Confirm the date when the cost surges in the Expenses and Costs console and identify the billable items or projects that cause unexpected surges on that day.
Analyze the reason of the unexpected cost surge.
- If computing fees are higher than expected, you can use the TASKS_HISTORY data in the Information Schema view to obtain the number of jobs and the top N most costly jobs.
- If storage fees are higher than expected, you can download usage records to analyze the changes in the storage fees.
- If the fees for data downloads over the Internet are higher than expected, you can use the TUNNELS_HISTORY data in the Information Schema view to obtain the changes in the download fees.

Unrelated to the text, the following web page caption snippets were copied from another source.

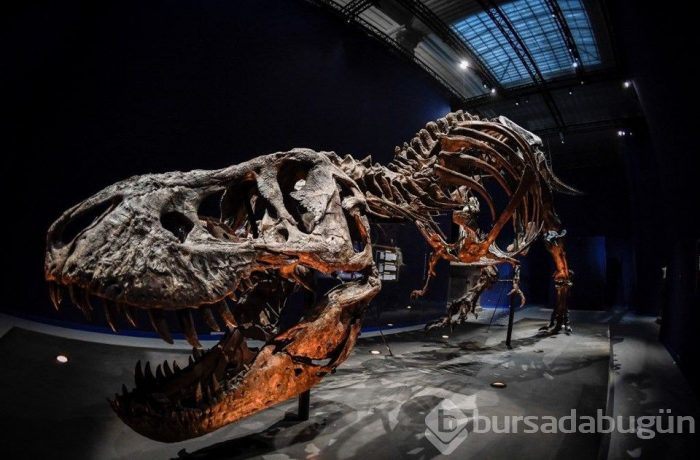 Tek yavru T-Rex fosili satışa çıktı!
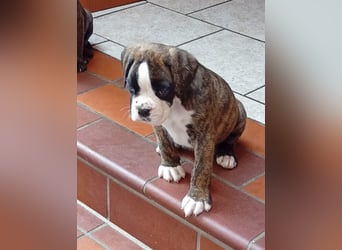 Boxerwelpe Rüde abzugeben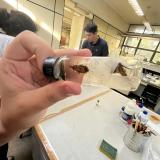 Visita técnica na Faculdade de Ciências Farmacêuticas de Araraquara (UNESP). 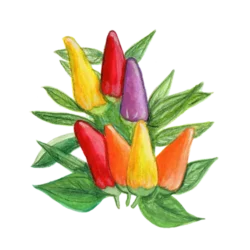 Chili Hot Razzmatazz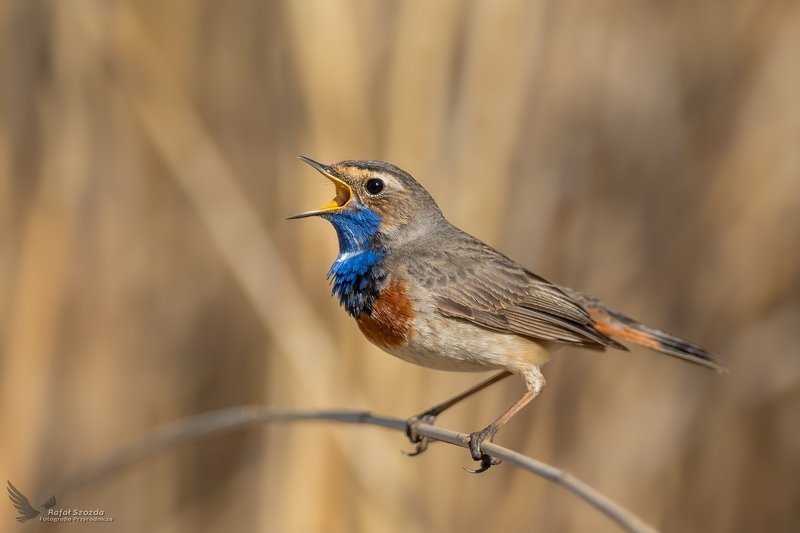 Podróżniczek, Bluethroat (Luscinia svecica) ... 2020r фото превью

Step 1: Obtain the Information Schema service

From March 1, 2024, MaxCompute no longer automatically provides the project-level Information Schema service for new projects. By default, the package of the project-level Information Schema service is not available for the projects that are created on or after March 1, 2024. If you want to query metadata, you can use the tenant-level Information Schema service to obtain more comprehensive information. For more information about how to use the tenant-level Information Schema service, see Tenant-level Information Schema.

Before you use Information Schema for an existing project, you must be granted the permissions to access the project metadata. To obtain the permissions, install the Information Schema permission package as the project owner or a RAM user that is assigned the Super_Administrator role. For more information, see the "Assign a role to a user" section in Perform access control based on project-level roles. You can use one of the following methods to install the Information Schema permission package. For more information about the features and limits of Information Schema, see Project-level Information Schema.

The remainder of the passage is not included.